The view of the degree of hawkishness in Fed policy is largely dependent on how one views this line from the October FOMC statement, a line that made its first appearance in September:
Taking into account the extent of federal fiscal retrenchment over the past year, the Committee sees the improvement in economic activity and labor market conditions since it began its asset purchase program as consistent with growing underlying strength in the broader economy. However, the Committee decided to await more evidence that progress will be sustained before adjusting the pace of its purchases.
That line suggests that the Fed largely sees the “stronger” condition to ending tapering as having been met. Yes, I understand where you might think that is crazy. And yes, I realize this implies that the Fed has given up attempting to accelerate economic activity, instead content with accepting the new normal. And yes, I understand that one interpretation of the most recent employment report is that the economy is losing momentum. But note that the Fed does not see the world this way. While they did acknowledge that housing activity slowed since the last meeting, they also noted that overall activity remained moderate. They don’t see a slowdown in broad activity.
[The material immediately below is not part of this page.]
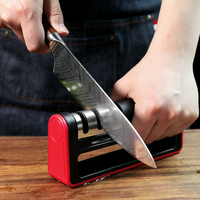 Affûteuse de couteaux d'angle professionnelle 3in1 Machine à affûter EDC Outils de cuisine Ustensiles et gadgets Pierre à aiguiser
Is moderate enough to justify tapering? The answer to that question, I think, is the key to the timing of tapering. The answer also depends upon the degree of FOMC bias against tapering. If the bias is high, as I suspect it might be, then sustained “moderate” is enough.
Also note that an impediment to tapering was removed over the last six weeks, as the Fed changed this line from the September statement:
The Committee sees the downside risks to the outlook for the economy and the labor market as having diminished, on net, since last fall, but the tightening of financial conditions observed in recent months, if sustained, could slow the pace of improvement in the economy and labor market.
to:
The Committee sees the downside risks to the outlook for the economy and the labor market as having diminished, on net, since last fall.
Neil Irwin, I think, has the correct interpretation here:
The Fed view seems to be this: Conditions were too loose (e.g., bubbly) in April. They were too tight in September. But October appears to feel just right.
Another door to tapering opens if rates remain “just right” in December, or, in other words, financial markets don’t try to front-run the Fed too much between now and then.
Where do I stand on all this? I believe that the Fed has a bias against tapering. Consequently, I think they are looking for an excuse to taper, and looking to force incoming data into the framework of “stronger and sustainable.” But I also anticipate the data to be soft in the next few months as a result of the federal shutdown, soft enough that the Fed will struggle to justify tapering. This is especially the case if inflation continues to track below Fed’s 2% target. Hence I am hesitant to embrace tapering before March. But I also recognize that the risk lies in that direction.
Bottom Line: The FOMC statement is slightly on the hawkish side, opening the door to tapering sooner than March. The argument against tapering sooner is that the Fed needs to see both stronger and sustainable data. But a bias against asset purchases suggests the bar is lower, with just sustainable data needed. Still, this seems to imply that a minimum for tapering is that data do not deteriorate in the near term. The impact of the federal shutdown, however, points to such a deterioration, thus arguing against tapering before March. The degree of the FOMC bias against asset purchases, however, is an unknown in this equation. The stronger the bias, the more likely the FOMC will force the data – even weak data – into the framework of “stronger and sustainable.”